By the table, it will be seen that the subscriptions for base-ball and foot-ball were small in amount as compared with their earnings. It is generally believed, among students, that the university organizations of both these sports can be made self-supporting.

The evils already commented on are general. There are other so-called evils which are special—some peculiar to one kind of athletics, but not belonging to the others. One of these, charged against base-ball, is that the game brings the students into contact with "professionals." Whatever may be the extent of the evil in other colleges, at Yale it has not proved to be so great as to call for Faculty interference, or even to excite apprehension. All the evils, real or imaginary, connected with ball-playing, are reduced to a minimum when the students meet "professionals." They meet them simply for practice. Betting is, as a rule, precluded by the fact that the result is generally a foregone conclusion, and men bet on only doubtful issues. Off the field there is no more intercourse between the students and the "professionals" than is necessary to transact the business attending the match. The professional nine are then generally represented by their business manager, and the students by the president or treasurer of their club. In the game one nine is in the field, while the members of the other are at the bases, or waiting for their turn at the bat. The "professionals" are under the strictest discipline, so that their presence does not invite or occasion dissipation in any form. Victories of college nines over "professionals" are not frequent, and are not attended by disorders on the campus.

But to some objectors the evil of "professionalism" in athletics includes more than playing with professional nines. The employment of professional "trainers" in preparing students for contests is, for some, the chief evil. Such trainers are looked upon as bad companions for our young men. It is contended that they undermine the morals of our students by their profanity and generally low talk.

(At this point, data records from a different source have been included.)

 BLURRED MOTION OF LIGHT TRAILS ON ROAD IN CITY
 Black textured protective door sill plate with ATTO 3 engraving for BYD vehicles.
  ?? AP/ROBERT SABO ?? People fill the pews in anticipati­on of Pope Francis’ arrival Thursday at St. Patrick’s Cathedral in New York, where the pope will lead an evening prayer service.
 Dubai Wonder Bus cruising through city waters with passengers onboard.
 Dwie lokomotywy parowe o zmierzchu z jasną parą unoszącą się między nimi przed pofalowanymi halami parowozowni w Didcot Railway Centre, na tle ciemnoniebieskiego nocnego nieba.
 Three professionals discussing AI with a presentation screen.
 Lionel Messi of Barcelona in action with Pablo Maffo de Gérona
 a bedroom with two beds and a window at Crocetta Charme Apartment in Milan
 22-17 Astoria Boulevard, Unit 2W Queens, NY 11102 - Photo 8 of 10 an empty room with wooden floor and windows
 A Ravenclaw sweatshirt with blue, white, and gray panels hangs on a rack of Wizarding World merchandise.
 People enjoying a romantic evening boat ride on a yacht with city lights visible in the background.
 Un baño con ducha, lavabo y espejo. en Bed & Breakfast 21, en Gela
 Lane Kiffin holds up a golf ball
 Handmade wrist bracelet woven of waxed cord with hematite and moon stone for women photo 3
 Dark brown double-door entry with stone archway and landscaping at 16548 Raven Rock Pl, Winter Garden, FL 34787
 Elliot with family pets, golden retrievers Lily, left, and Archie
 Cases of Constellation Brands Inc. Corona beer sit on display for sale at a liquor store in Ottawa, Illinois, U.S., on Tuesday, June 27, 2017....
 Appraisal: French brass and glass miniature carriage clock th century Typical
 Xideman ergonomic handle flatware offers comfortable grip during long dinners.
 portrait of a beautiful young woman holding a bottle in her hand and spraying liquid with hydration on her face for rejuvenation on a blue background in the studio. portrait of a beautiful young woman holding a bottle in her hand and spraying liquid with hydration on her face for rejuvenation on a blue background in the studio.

They are also supposed to give too high a standard of excellence for our amateur athletes, and thus to draw on too much of their time and strength, in the effort to make them conform to this standard. All these things may happen in some cases, but they do not happen frequently. Admitting, for the sake of argument, what is generally denied by the students, that for the past two years the crew has been coached by the professional oarsman who rigged their boats, his coaching would have brought him into personal contact with not more than a dozen men at the most, and for a time of only three or four weeks in the spring and summer. For a short time in the winter some of the candidates for the university nine have exercises in boxing with a trainer, in order to bring them into "condition" for the spring and summer work. There can hardly be more than fifteen such men.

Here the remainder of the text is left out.